Proponents of Proposition 21 argued that passage would enhance public safety. In point of fact, empirical research demonstrates that prosecution of juveniles in adult criminal court actually increases recidivism, thereby reducing public safety. In addition, prosecuting young people in criminal court and incarcerating them in adult facilities places them at significant risk of physical and emotional injury. Moreover, Section 26 of Proposition 21 provides no guidelines for prosecutors in making decisions which youth to transfer to adult court, and thereby allows prosecutors to ignore developmental differences between adolescents and adults, as well as individual differences among adolescents. In this brief, amici present the empirical research on these issues.

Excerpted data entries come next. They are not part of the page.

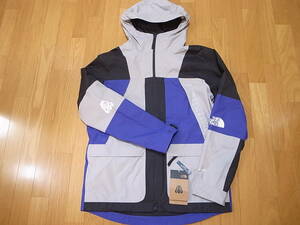 【送料無料 即決】海外限定 FOOTPATROL x THE NORTH FACE MOUNTAIN LIGHT DRYVENT JACKET S新品 フットパトロール別注マウンテンライト限定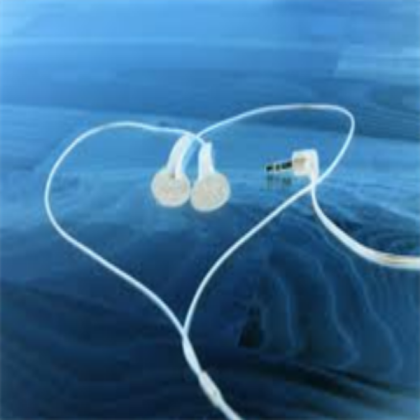 Earphones Heart Roblox decal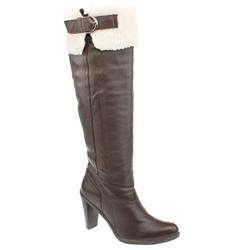 Bronx Female Bronx Kiara Leather Upper ?40  in Brown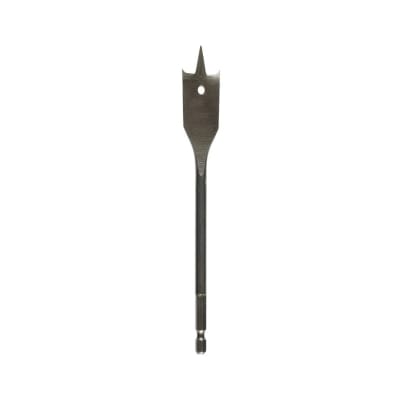 BROCA DE PALA PROFESIONAL PARA MADERA 6MM KWB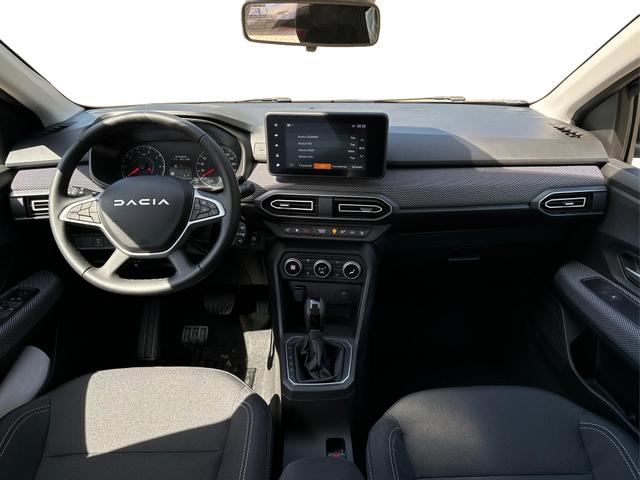 Dacia / Sandero / / / / KAMERA+SHZ+PDC+DAB+KLIMA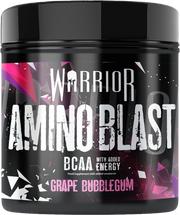Warrior Amino Blast BCAA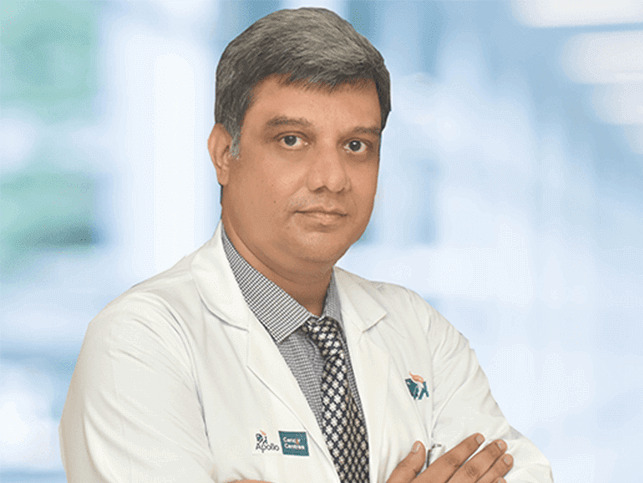 Dr. Aditya Narayan - Radiation Oncologist at Vizag,Senior Consultant -   Radiation Oncology, 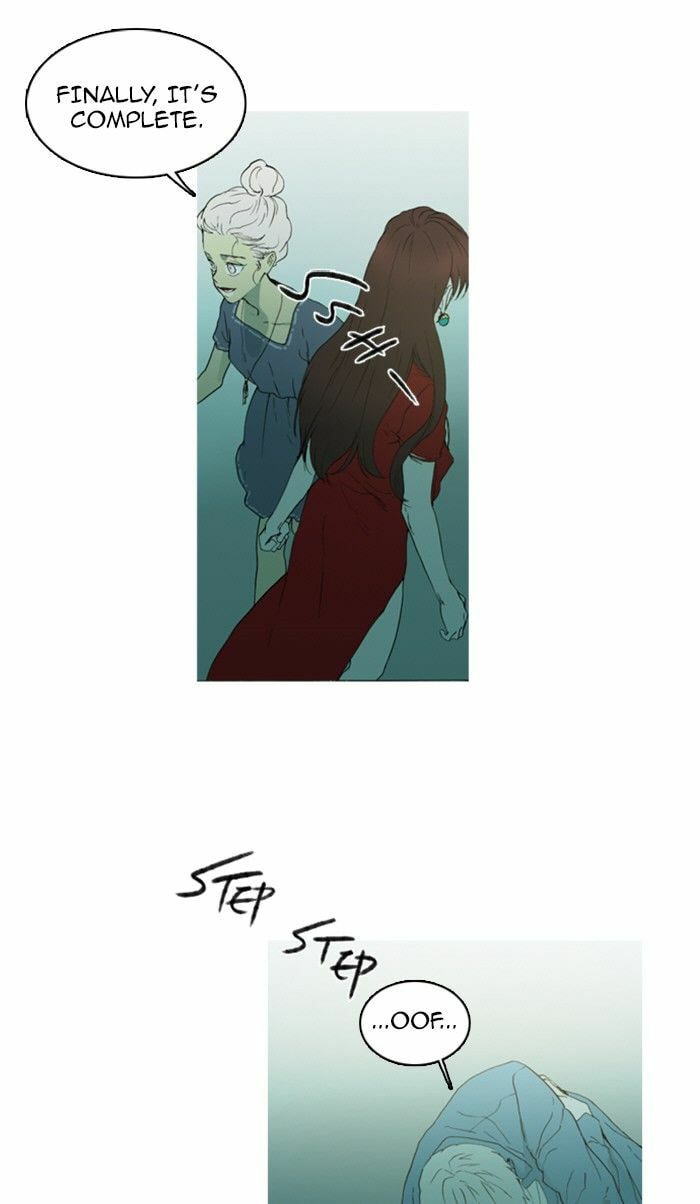 Witch Hunt Chapter 74 page 21 - 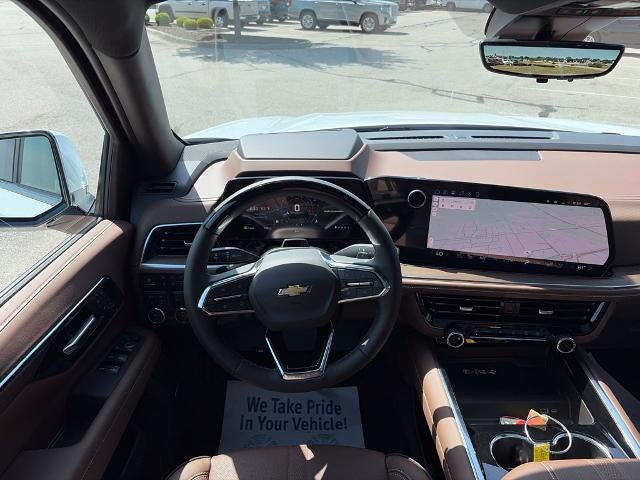 2026 Chevrolet Tahoe 4WD High Country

Amici are also concerned that prosecution of juveniles in adult criminal court, particularly as authorized by Section 26 of Proposition 21, will exacerbate racial disparities for youth in the justice system. Section 26 allows prosecutors to decide both the formal charges to file against a juvenile and—because prosecutors can charge in juvenile court or "direct file" in adult criminal court—the sentencing options available to the juvenile. This is important because youth of color are overrepresented throughout the justice system, and empirical research demonstrates that minority youth receive different and more severe treatment than white youth, even when charged with similar offenses. Moreover, the disparities accumulate, so that racial disparities at the point of arrest are added to the racial disparities at the point of determining whether to detain a youth before adjudication, which in turn are added to the disparities that occur when formal charging decisions are made by prosecutors, which in turn are added to the disparities that occur when prosecutors make decisions whether to waive youth for prosecution in adult criminal court, and which are finally added to the disparities that occur at disposition and in decisions whether to incarcerate. As a result, the most authoritative empirical analysis demonstrates that youth of color are more than three times as likely as white youth to be arrested, processed through the system, and ordered into residential placement.

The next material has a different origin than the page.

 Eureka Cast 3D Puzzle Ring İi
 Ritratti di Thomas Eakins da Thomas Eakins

Empirical research in California indicates that these accumulated racial disparities occur in the justice system in this state. Allowing prosecutors to make the decisions at two critical points in the justice system, to assume both the executive charging function and the judicial sentencing function, is inimical to the administration of justice and is likely to exacerbate racial disparities in the system. One check on racial disparities in the system is the diversity of decision-makers at key points in the system—police, prosecutors, judges, corrections agencies. Consolidation of multiple functions into a single office, particularly the office most directly responsible in the legal system for obtaining convictions of alleged offenders, is a recipe for potential abuses of discretion.